The Impending Storm: The Silly Little Girl And The Funny Old Tree
The Silly Little Girl and the Funny Old Tree live in a fantastical and topsy-turvy world. The original story by Kuo Pao Kun tells of a Funny Old Tree with leaves growing from where its roots should be, yet it somehow attracts the affection of a Silly Little Girl. However, the appearance of a bulldozer destroys the tranquility and the Funny Old Tree is due to be felled…

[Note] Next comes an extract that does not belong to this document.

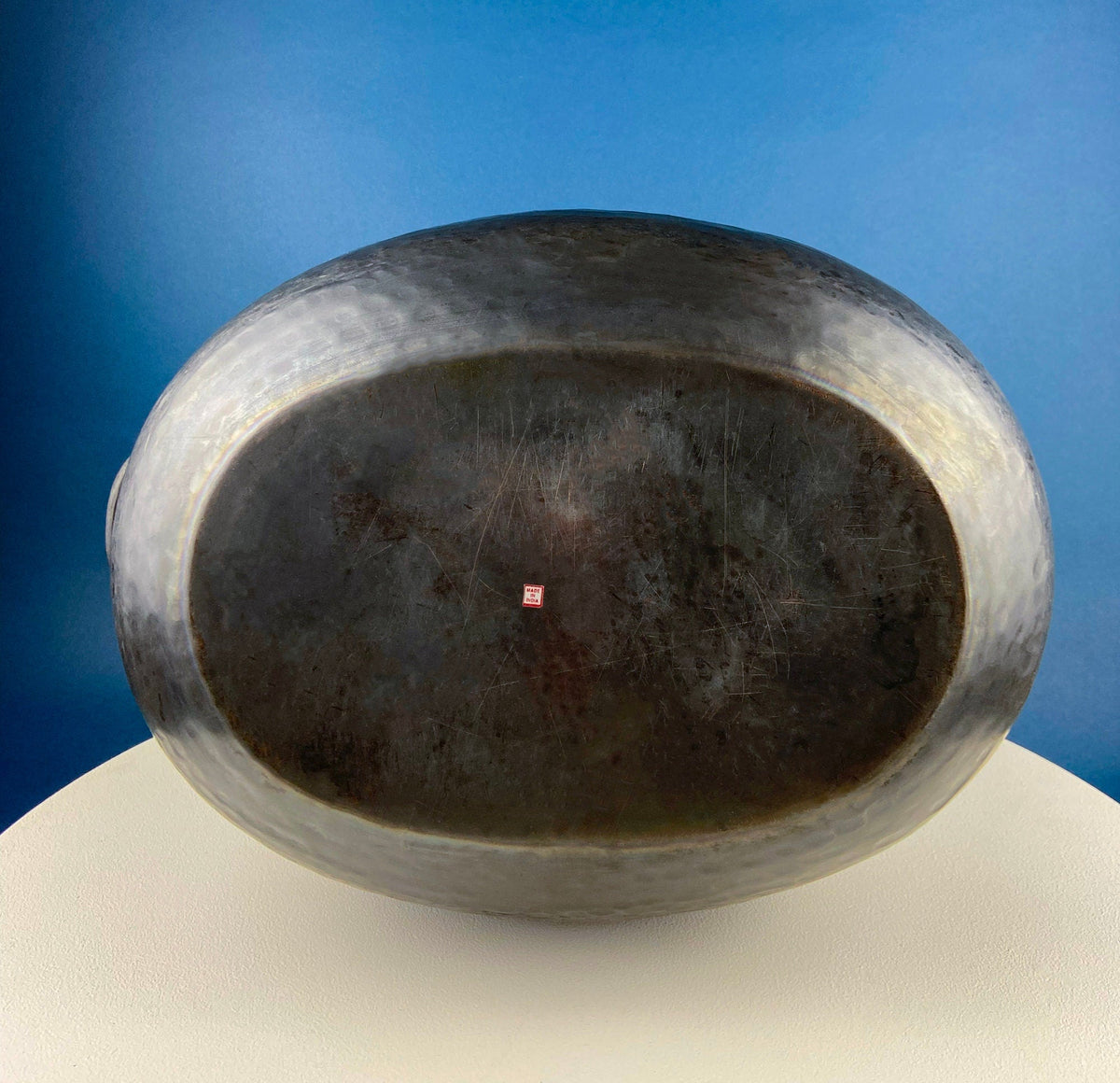 Extra Large Hand Pounded Copper Blackened Cauldron. Antique Hand Hammered Oval Scuttle for Wood Toys or Storage. Rustic Home Decor.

Guest Director Fu Hong Zheng engages in a dynamic-re-telling of this classic text. Fu places a family’s tragic affairs at the front and centre: A family struggling to care for a father with dementia, which unfolds a series of human struggles that bubble under the surface. By using the Old Tree as a symbol for the elderly in today’s society, the play utilises magical realism as the vehicle to present the juxtaposition of several themes: indifference versus passion, brutality versus tenderness, inertia versus determination, as well as the intangible versus the tangible.
By interlacing movement, song and text, Fu creates a poetic, yet moving landscape of what The Silly Little Girl and Old Tree may allude to in modern times.
Beyond the allegory. Beyond the fairy-tale.
Date: 6 – 16 September 2012
Venue: School of the Arts Singapore | Studio Theatre
Festival: Kuo Pao Kun Festival 2012
Director: Fu Hong Zheng
Original script: Kuo Pao Kun
Set Designer: Dorothy Png
Lighting Designer: Gabriel Chan
Sound Designer: Sandra Tay
Costume Designer: Theresa Chan
Cast: Ang Xiao Ting, Alvin Chiam, Joanna Dong, Zachary Ho, Melissa Leung Hiu-Tuen, Liu Xiao Yi, Rei Poh
This makes an interesting revival where the director and the production are brave enough to take the work of a ‘classic’ playwright and tune it to current taste and current issues. In this sense, unlike many London revivals of classics, this artistic freedom and creativity are worthy of praise.